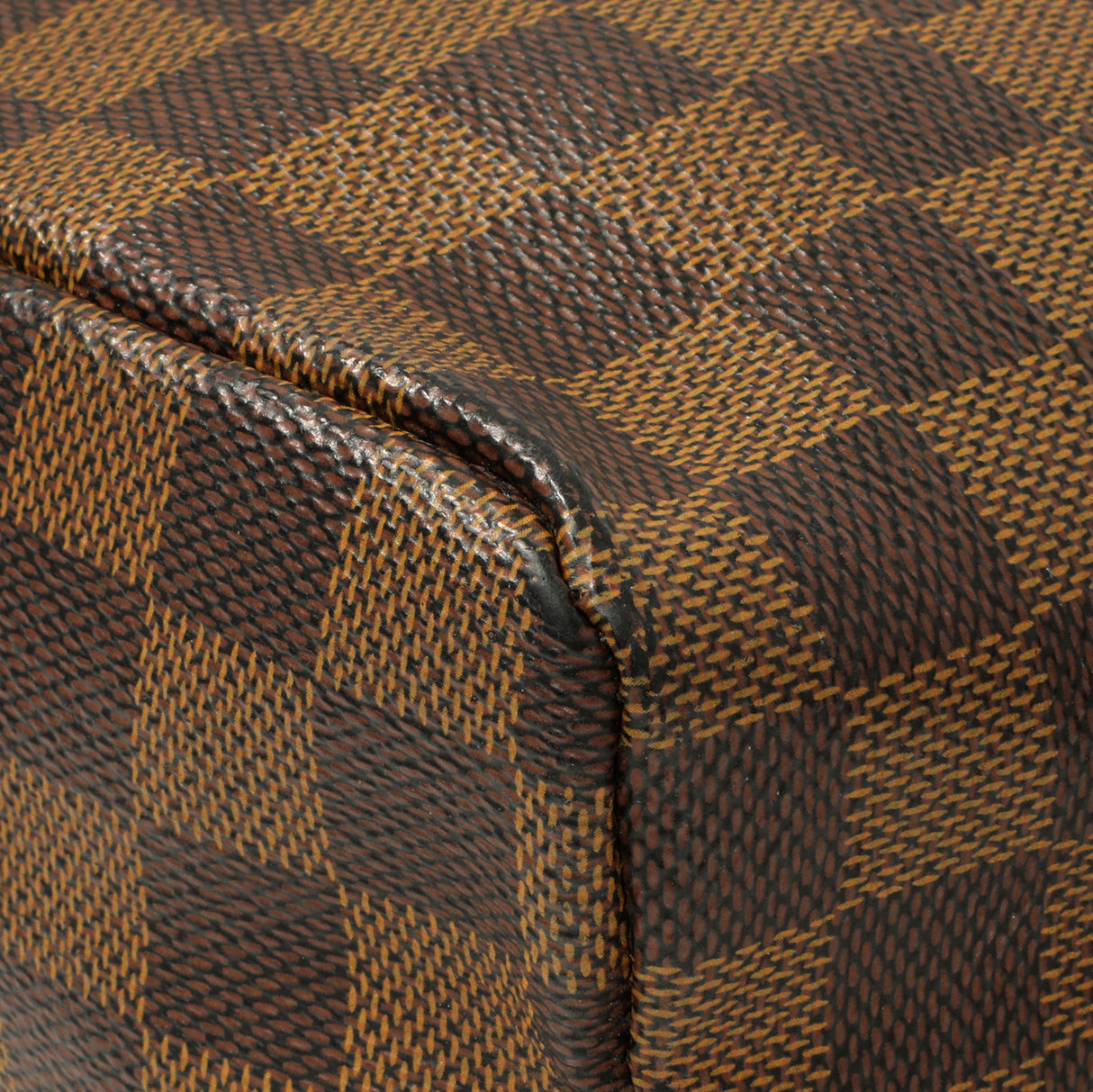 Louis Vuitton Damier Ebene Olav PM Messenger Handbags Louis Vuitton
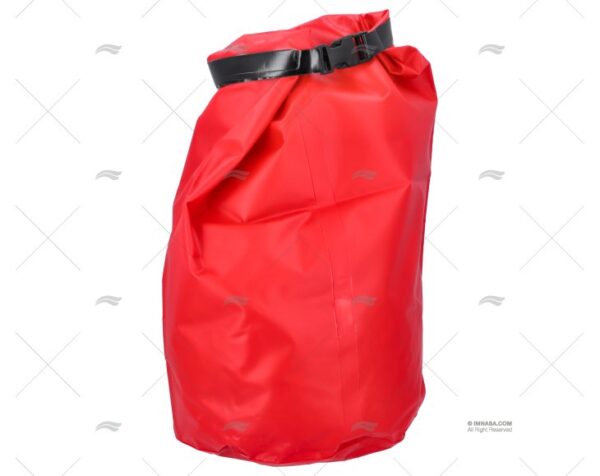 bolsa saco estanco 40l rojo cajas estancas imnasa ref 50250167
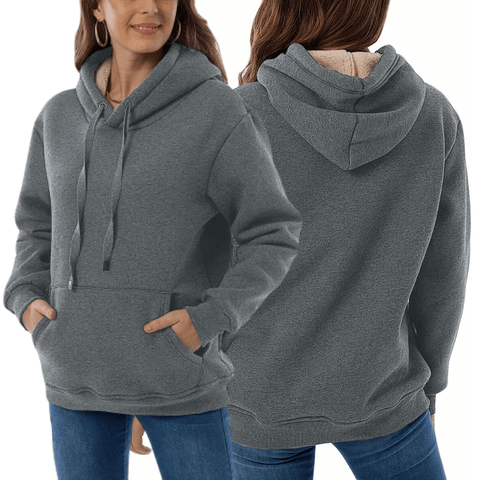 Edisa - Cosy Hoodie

______________________________

* WHAT THE EXERCISE ASKS
Return the listing unchanged except for the pictures, which should be dropped.

* EXERCISE ANSWER
 Louis Vuitton Damier Ebene Olav PM Messenger Handbags Louis Vuitton
 bolsa saco estanco 40l rojo cajas estancas imnasa ref 50250167
 Edisa - Cosy Hoodie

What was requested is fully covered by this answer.